● **Work instruction**:
Reproduce from the records below, with no pictures, exactly the lines between the one containing "Cancún celebra su" and the one containing "Ukrainian quits college", inclusive.

● **Data section**:

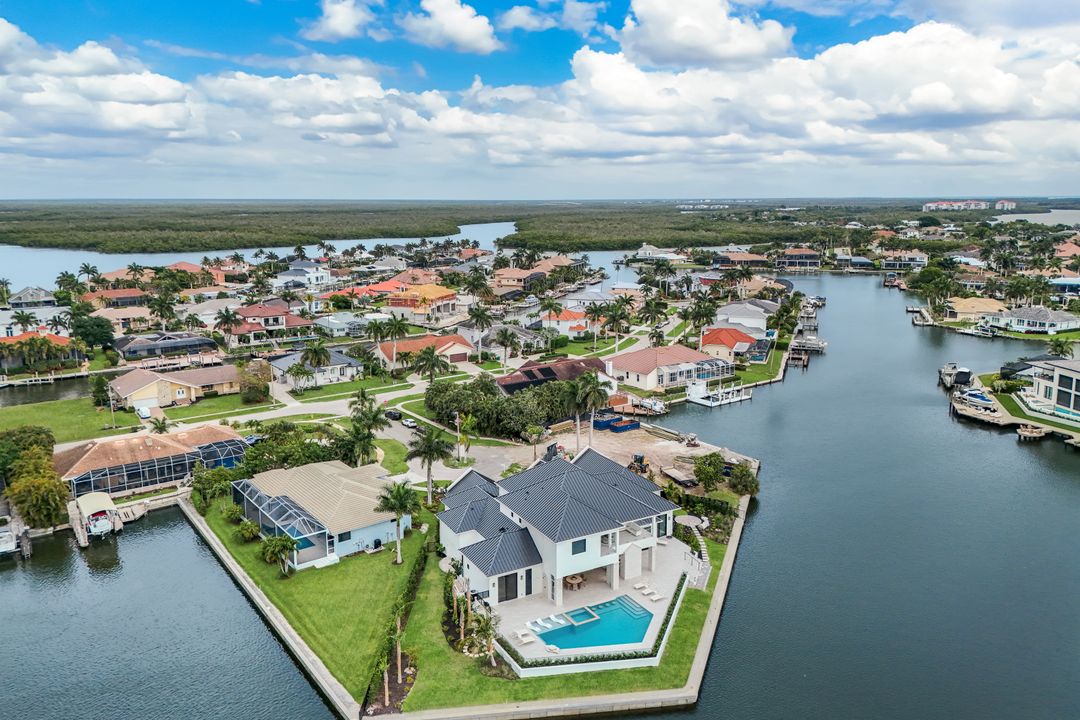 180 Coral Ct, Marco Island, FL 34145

==

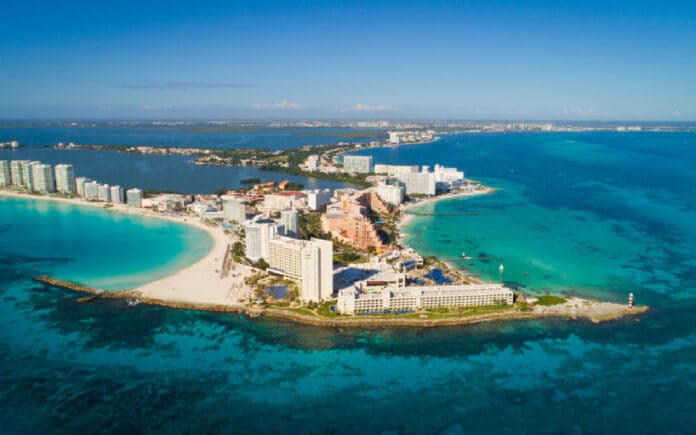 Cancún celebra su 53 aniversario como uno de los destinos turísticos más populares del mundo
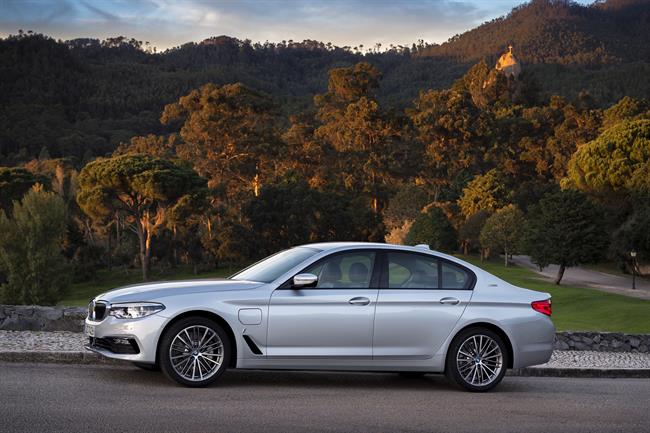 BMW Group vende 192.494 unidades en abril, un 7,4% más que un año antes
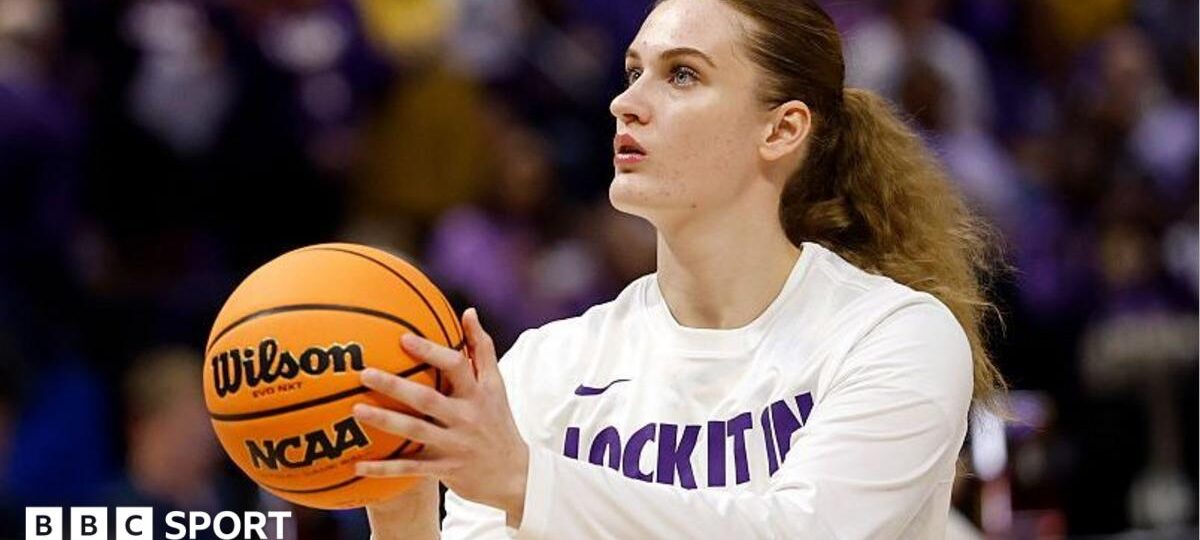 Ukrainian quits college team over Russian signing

● **Solution for this exercise**:
 Cancún celebra su 53 aniversario como uno de los destinos turísticos más populares del mundo
 BMW Group vende 192.494 unidades en abril, un 7,4% más que un año antes
 Ukrainian quits college team over Russian signing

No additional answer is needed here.